Dear Ajit,
A punishment awarded to an employee carries with it a stigma so as to affect his career prospects or future employment elsewhere. Therefore, when an employee, irrespective of his status of employment, is subjected to disciplinary action and awarded some punishment by the Disciplinary Authority, naturally, he could be aggrieved about the quantum of the punishment as a disproportionate one or about the manner the disciplinary proceeding was conducted or the entire action as a measure of victimization. Therefore in such a situation, appeal against the punishment becomes a natural corollary.
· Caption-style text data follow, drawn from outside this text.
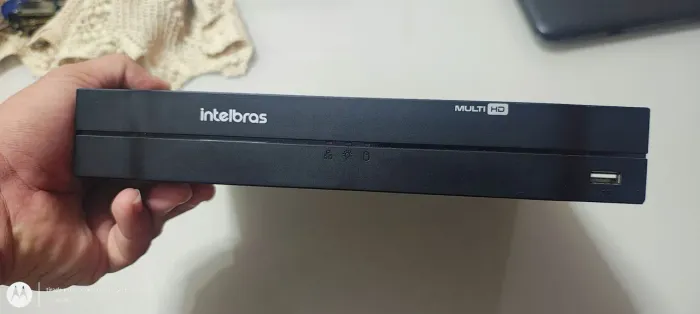 Vendo ou Troco DVR MHDX 1016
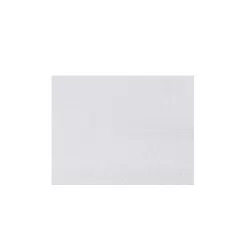 Feltrino adesivo bianco rettangolare 20x10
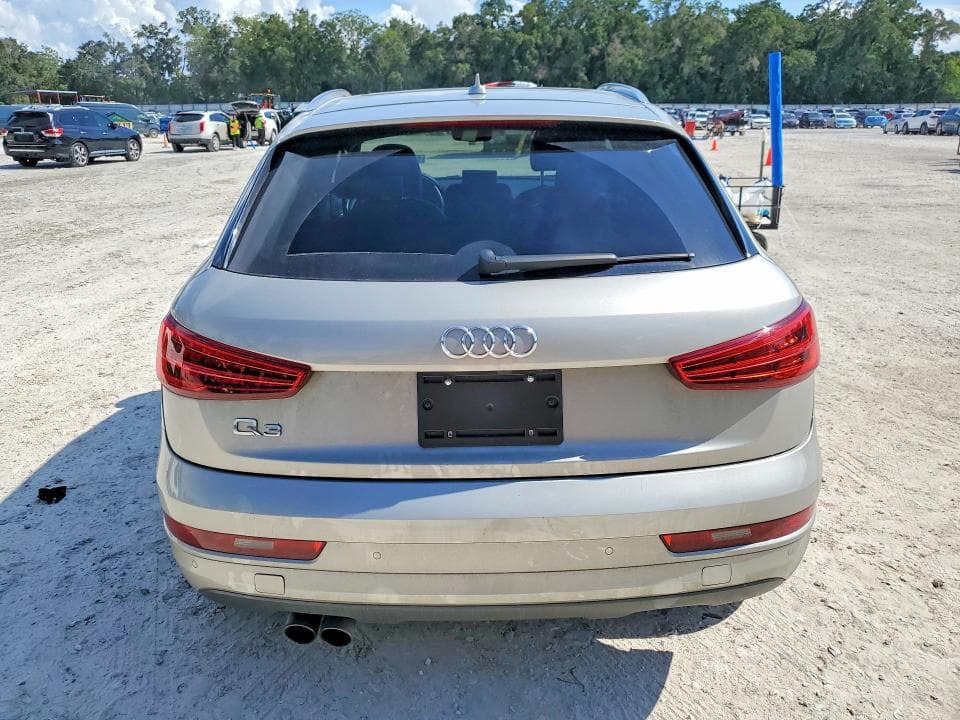 2017 AUDI Q3 PREMIUM PLUS 6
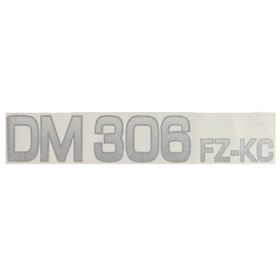 Resim AGCO Dekoratif Etiket - Fendt | FEL171149 
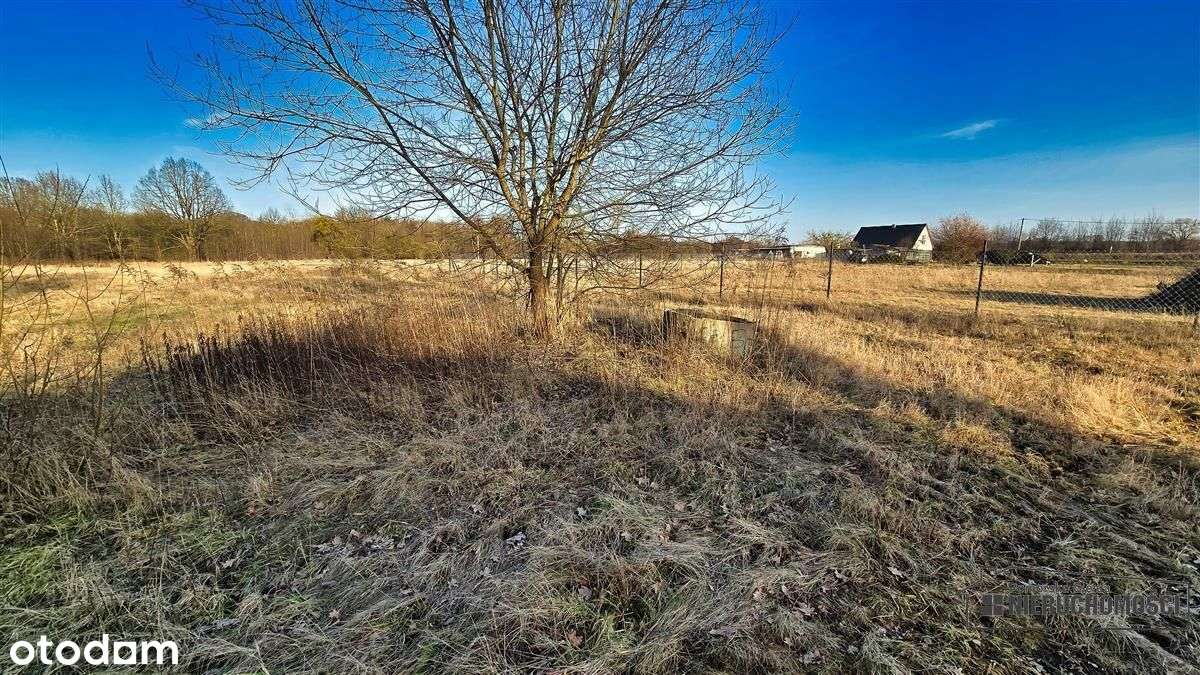 Redło 10 km od Świdwina - działka budowlana na rat-17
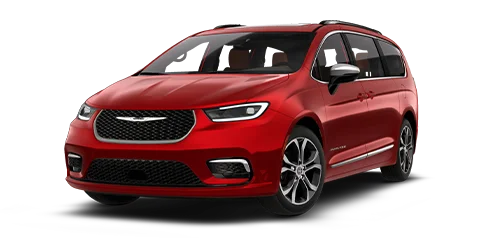 2026 Chrysler Pacifica Pinnacle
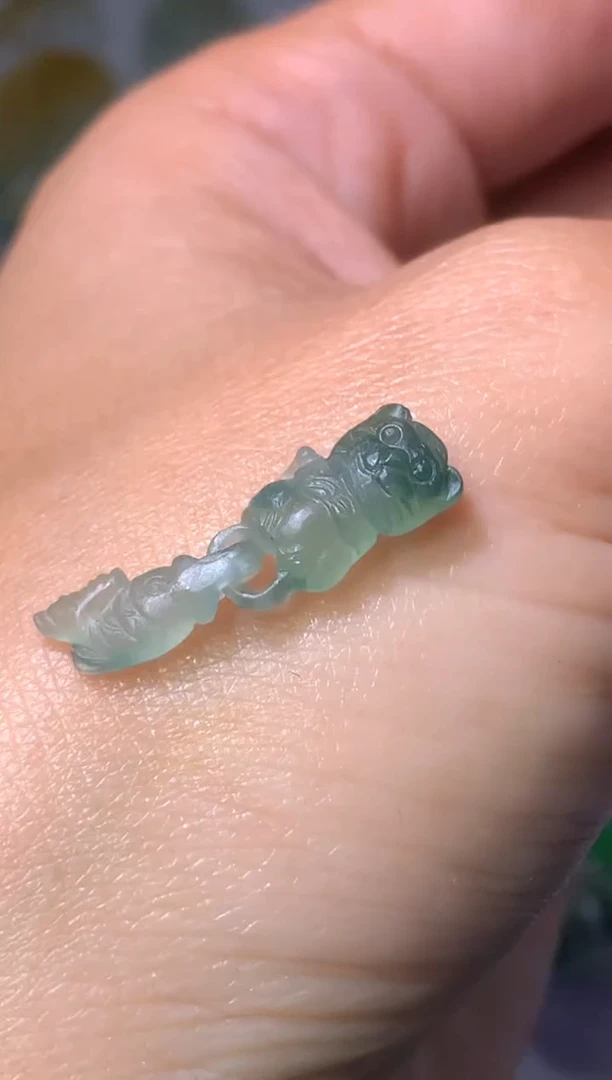 未镶嵌定制翡翠MXX056423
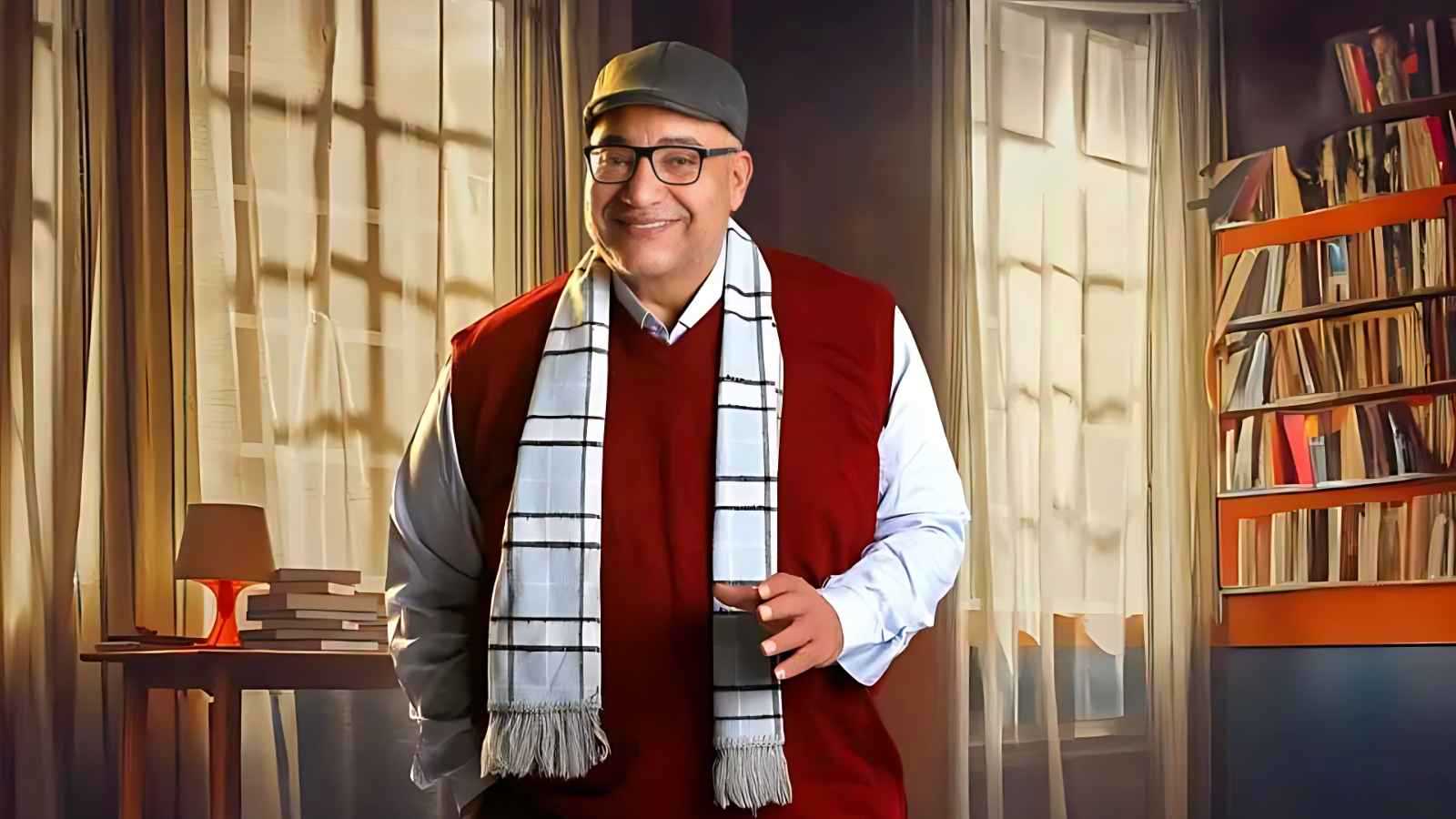 كوميديا بيومي فؤاد في مسلسل "وصية جدو" رمضان 2026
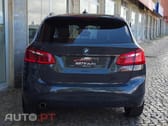 BMW 216 d Line Sport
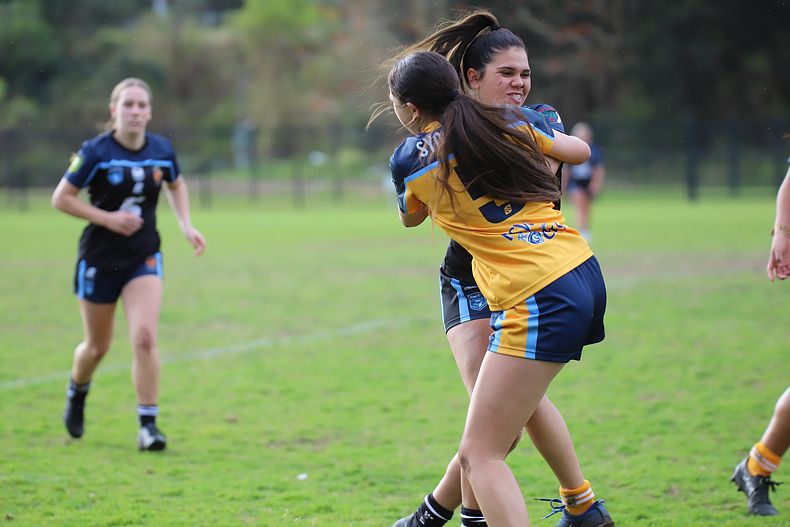 NSWCHS u16 Girls Day 2 Sydney Gold v Western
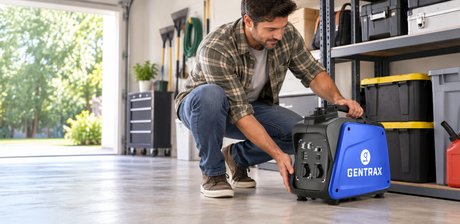 How to Store a Petrol Generator Long-Term Without Drying Out the Seals
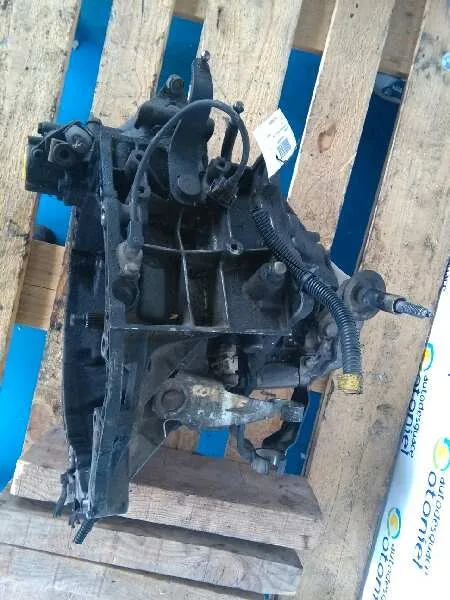 Caja Cambios para Peugeot 406 Berlina (S1/S2)
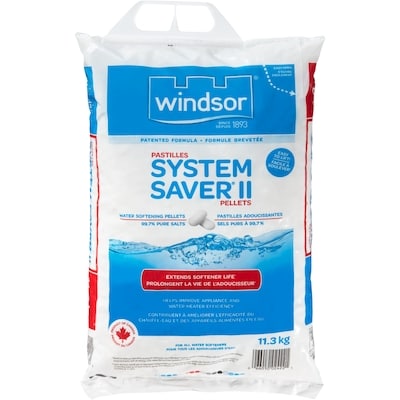 Windsor Pastilles System Saver 11.3 kg, 0,06 $/100g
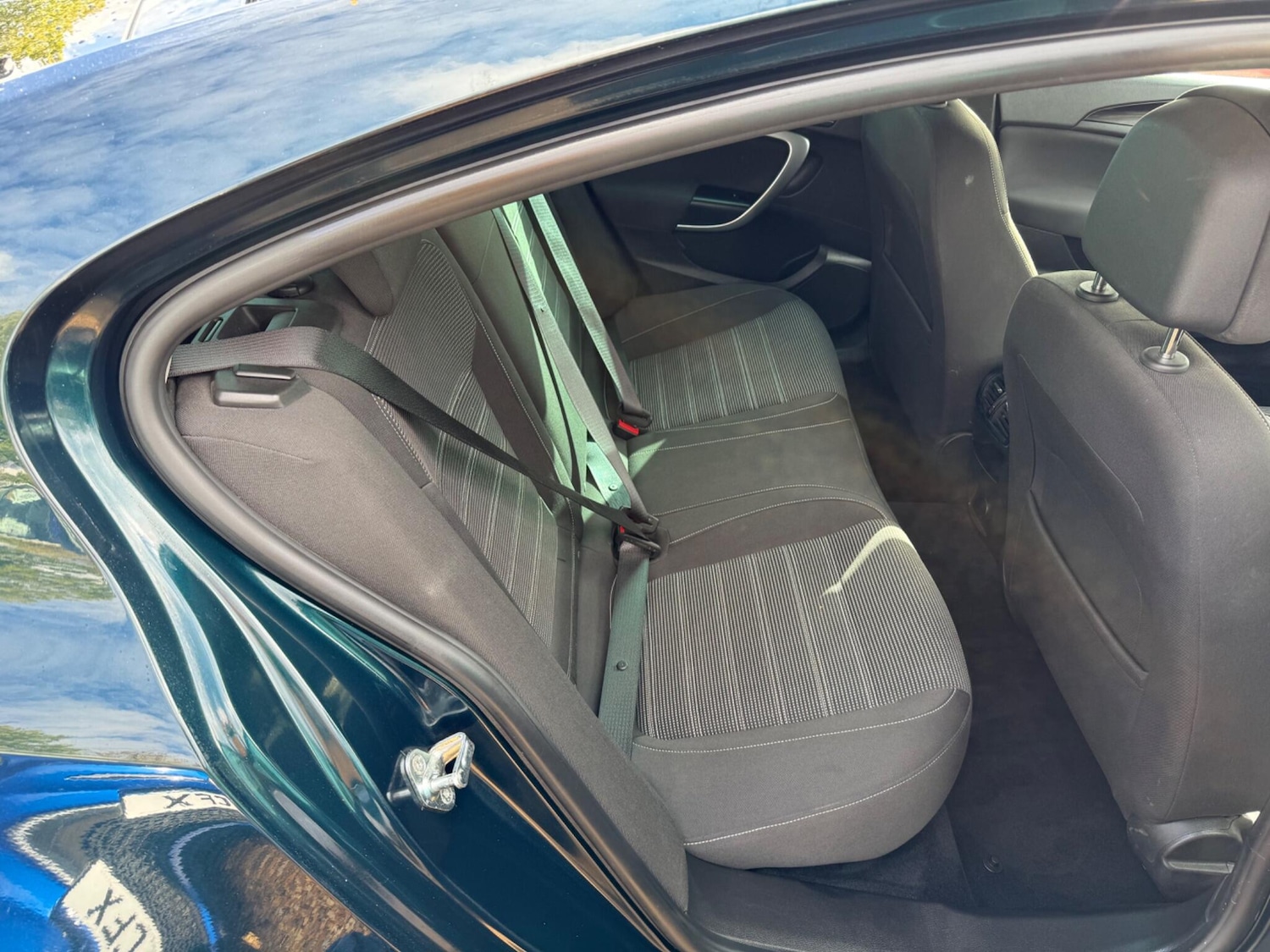 Used Vauxhall Insignia 2014 for sale - 77574409: Photo 9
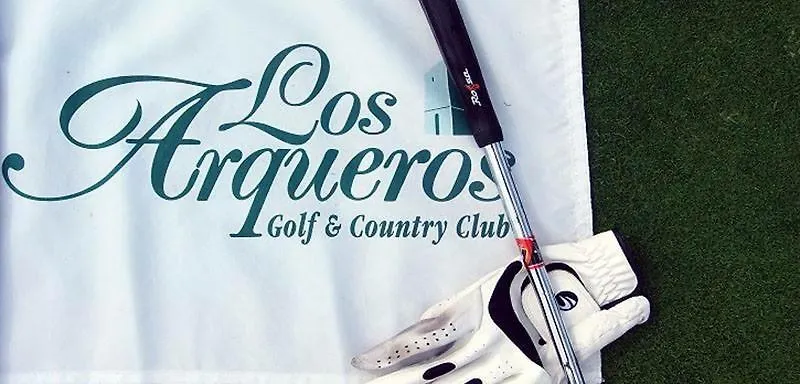 Apartament Penthouse Los Arqueros Golf Benahavís Hiszpania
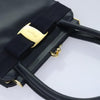 Salvatore Ferragamo Vala Handbag Leather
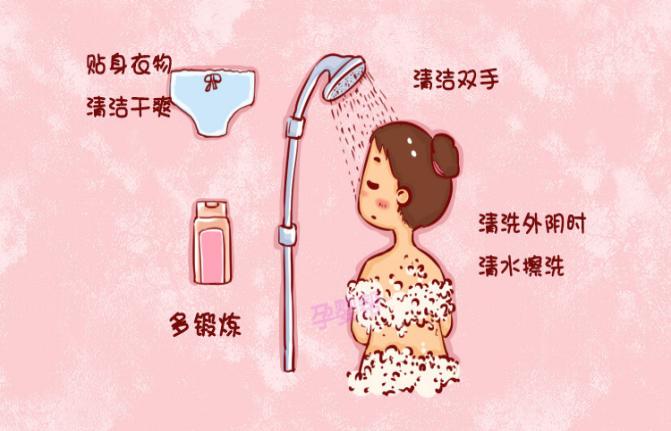 霉菌性阴道炎男性有什么症状,夏季妇科问题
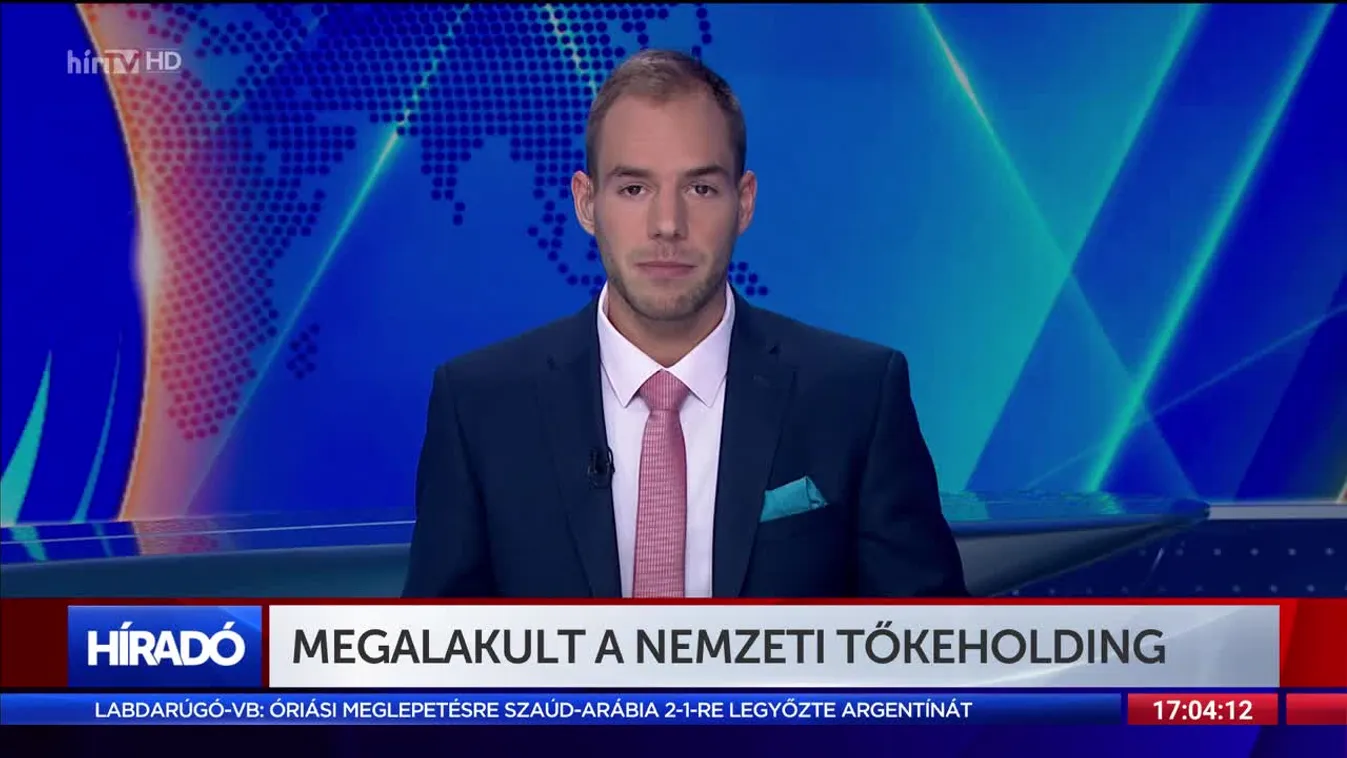 Megalakult a Nemzeti Tőkeholding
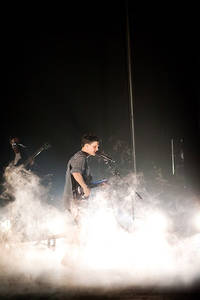 2016-03-06 - Jonathan Johansson från Cirkus, Stockholm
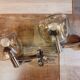 Disderot wall lights 1970s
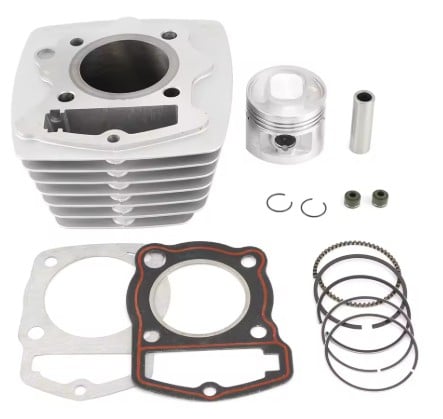 Cylinder Kit 56.50mm STD 1976-1985 Honda Cb Cl Xl Sl 125 125S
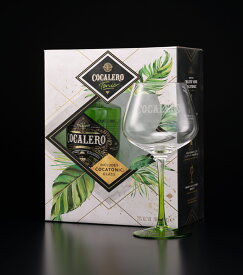 コカレロ（COCALERO）700mlバルーングラスセット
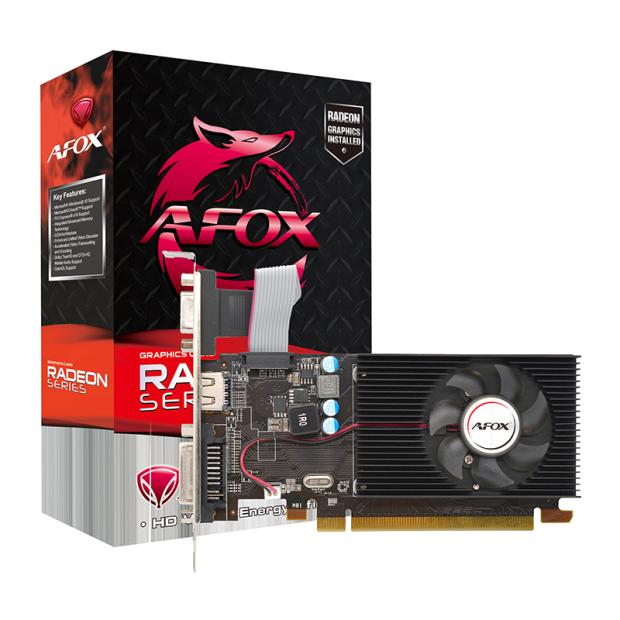 Carte Graphique AMD Radeon HD 6450 Afox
Appeal against the punishment awarded in a disciplinary proceedings to a workman lies with the Appellate Authority, if so provided for in the Standing Orders or Service Regulations of the organization. Otherwise he has to seek statutory remedy only.
Of course the statutory remedy of appeal against punishment awarded to a workman differs depending on the nature of punishment awarded.
If the punishment is dismissal, he can exhaust the remedy of the provision for appeal within the time-limit, if so provided for in the establishment-specific labor law applicable to his establishment. Examples are State Shops and Establishments Acts, Beedi and Cigar Workers Act,1966 etc. Otherwise he has to raise a dispute u/s 2-A(1) of the Industrial Disputes Act,1947 within three years from the date of his dismissal, discharge, retrenchment etc., resulting in his non employment.
In respect of any other punishment like punitive suspension, stoppage of increment, demotion and the like he should approach his trade union to espouse his cause and the trade union concerned should raise a dispute u/s 2(k) of the ID Act,1947 before the area conciliation officer and if conciliation fails the dispute would be referred for adjudication.